Published:August 26, 2022DOI:
        Regarding the March 2022 abstract supplement of the journal. J Am Med Dir Assoc 2022;23(3).
        The following abstract was missing from the Quality Improvement section of the abstracts.
        Developing a Standardized Tool to Screen for Trauma and Training Nursing Home Staff in Trauma Informed Care
        Presenting Author: Sheetal Gambhir, MD, Emory University
        Author(s): Sheetal Gambhir, MD; Sahebi Saiyed, MD, MPH, CMD; Alexis Bender, PhD
        Background: Trauma Informed Care (TIC) is a CMS requirement and failure can result in the citation of F-tags to the facility. Trauma can increase risk for obesity, substance use disorders, depression, suicide, an increase in healthcare use, and overall increased mortality. TIC seeks to educate patients and staff about the long-term effects of trauma and work towards reducing the risk of re-traumatization and increasing physical and psychological safety. There is currently no gold standard screening tool for trauma and the few that exist are mostly used in the research setting and are too cumbersome to administer.
        Objective/Aim: To develop a screening tool and training for Trauma Informed Care.
        Quality Improvement Methods: We created a screening questionnaire using literature and social worker input to implement TIC. We conducted training sessions in two nursing homes - BT and AGR. These sessions were hour-long interactive session explaining TIC, how to use the screening tool, and role playing to assess practical challenges of implementing TIC. The participants completed surveys pre- and post-training to assess their understanding of, attitudes toward, and their comfort in engaging with screening and caring for patients for TIC. We conducted paired sample t-tests for each item for the entire sample and separately by facility. BT had begun a systematic screening process. We also assessed changes in screening patterns pre- and post-training.

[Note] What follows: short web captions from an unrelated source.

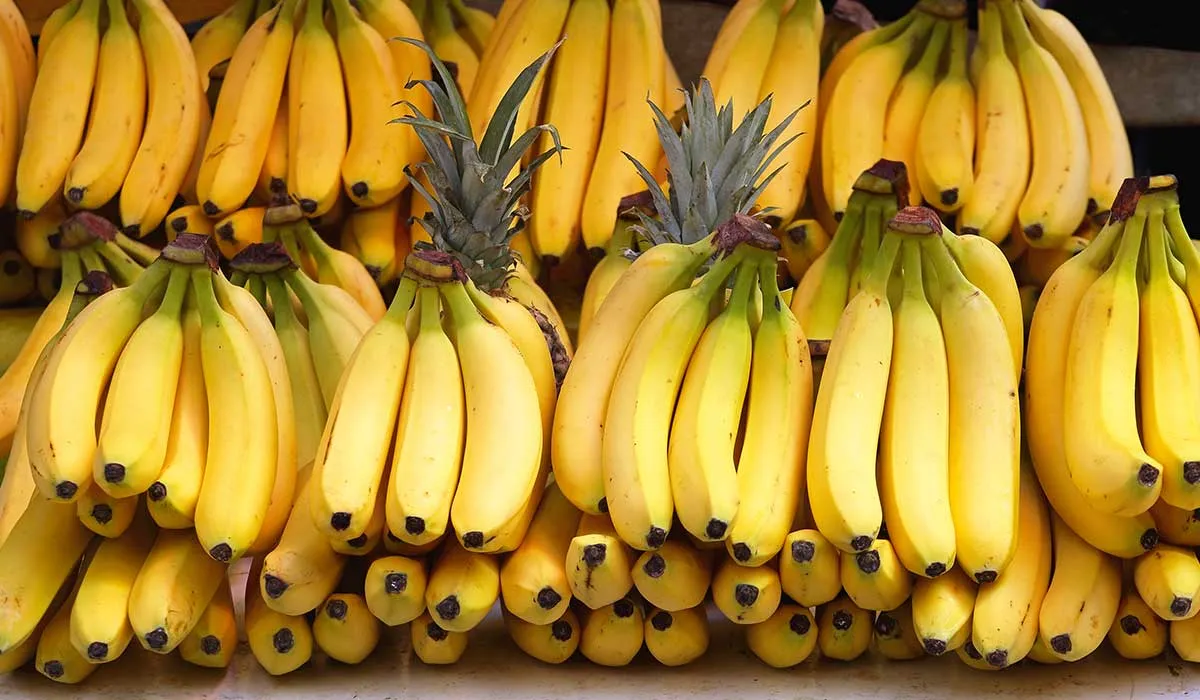 beneficios para la salud de los plátanos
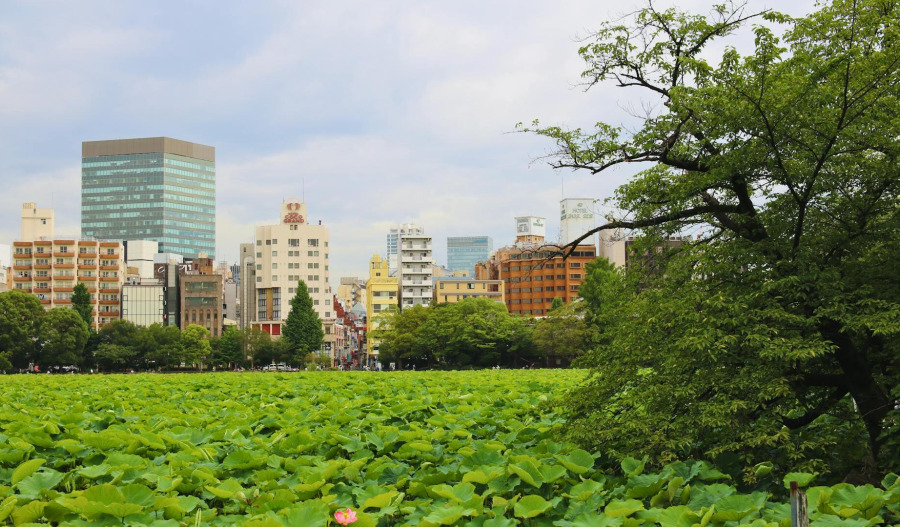 APAC climbs; Nikkei 225 hits record after Takaichi win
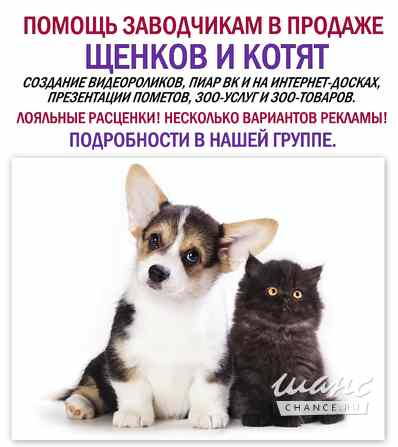 Помощь в пиаре щенков и котят Санкт-Петербург - изображение 1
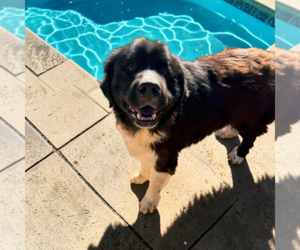 Mutt Dog for Adoption in Vail, Arizona USA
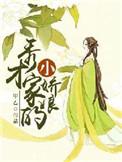 秀才家的小娇娘by甲乙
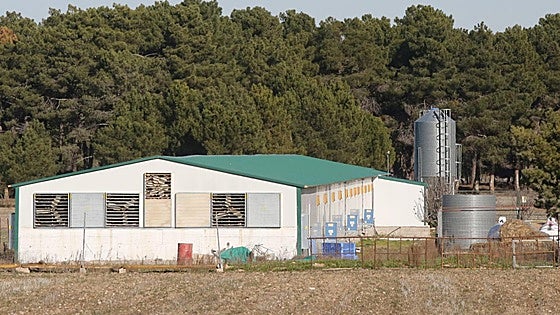 La Junta destina 6,5 millones de euros para explotaciones afectadas por la gripe aviar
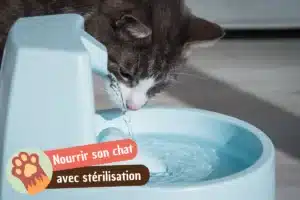 Lire la suite à propos de l’article Comment bien nourrir un chat après la stérilisation : conseils pratiques et rassurants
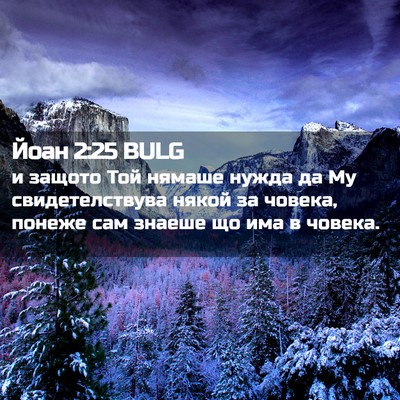 Picture 02 - Йоан 2:25 BULG - и защото Той нямаше нужда - Bible Verse Picture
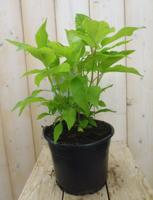 Hydrangea Arborescens "Strong Annabelle"® sneeuwbalhortensia - thumbnail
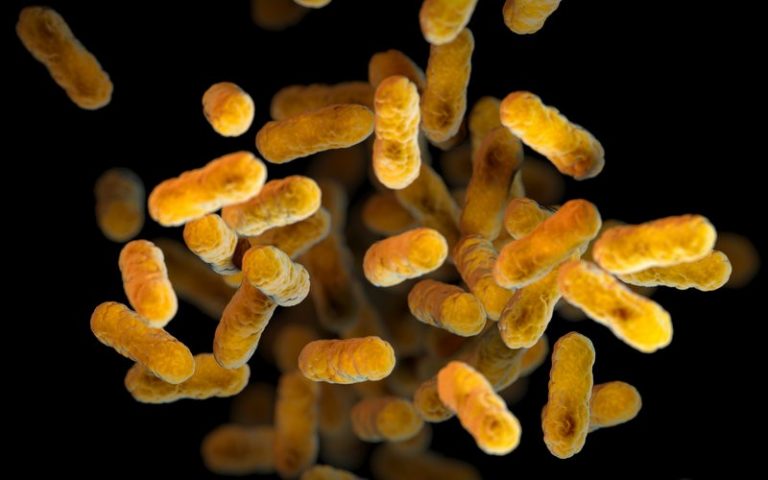 Коклюшная инфекция и ее осложнения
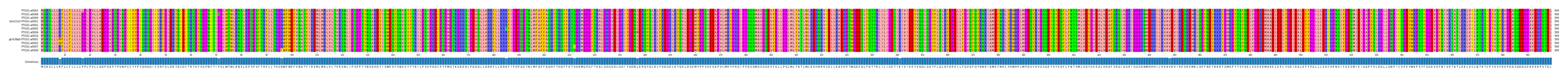 Multiple Alignments (by translate haplotype similarity)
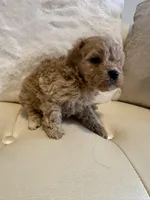 Lucy , a female Maltipoo for sale in Fayetteville, NC – Photo 3 of 9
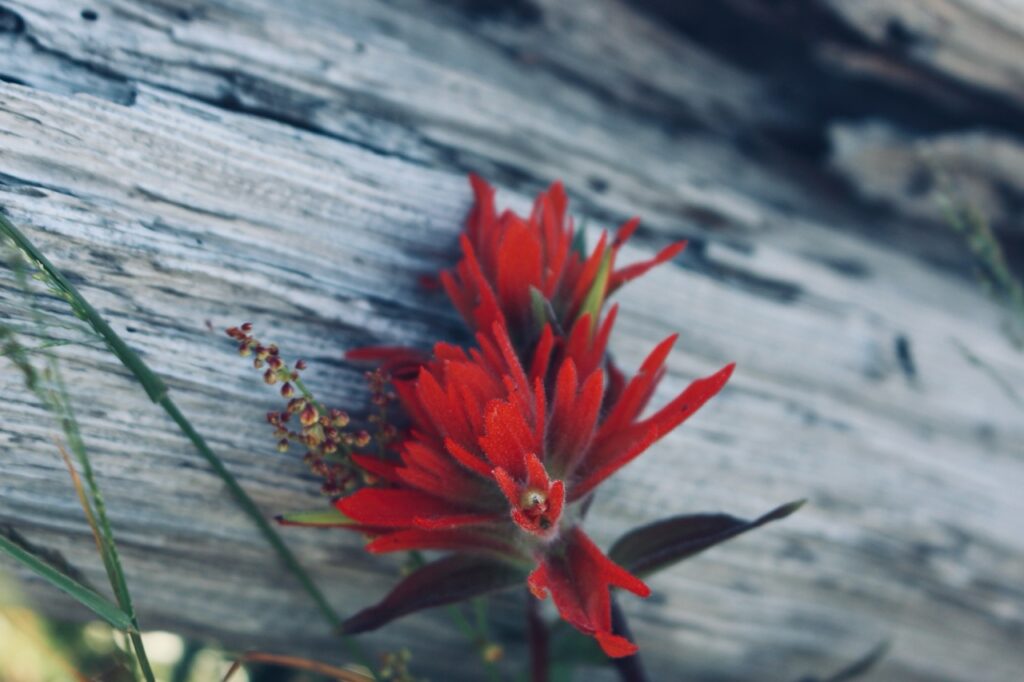 Mount st helens gniew zamienionej w gore indianki4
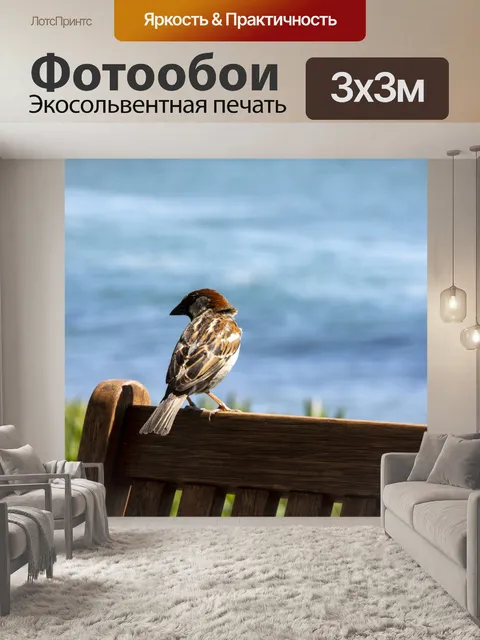 Фотообои Воробей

        Results: The training was given to 12 trainees, 5 at BT and 7 at AGR; 16% of trainees were white. All trainees were women and between the ages of 20 and 55. BT were trained social workers and AGR trainees included LPNs, CNAs, and nursing and social work staff. In the overall sample, there was a significant positive change in self-rated knowledge of TIC pre-test (M = 1.75, SD = 1.13) compared to post-test (M = 3.75, SD = 0.75), P = .001, as well as an increase in knowledge about how trauma affects patients pre-training (M = 3.18, SD = 1.72) to post-training (M = 5.64, SD = 0.81), P = .004. In separate facility results, self-rated knowledge was only significant for AGR and not BT, indicating the change in the overall sample was driven by AGR attendees. Although knowledge and attitudes increased with training, most trainees requested additional training on TIC, especially among patients with dementia. Based on case tracking at BT in the 27 days prior to training, we admitted 43 new patients and only 2.3% of those screened positive for trauma. After the training, 43 patients were admitted in a span of 18 days out of which 7 (17%) patients screened positive for trauma. Training likely enabled staff to be more assertive with screening and having a standardized tool likely helped. We are currently collecting data on change at AGR and will present when data are complete.
        Conclusions: A standardized screening tool coupled with training for staff helps boost efforts to screen patients for trauma and aid nursing homes deliver TIC. Future training should emphasize the nuanced aspects of TIC.
        Disclosures: All authors have stated there are no financial disclosures to be made that are pertinent to this.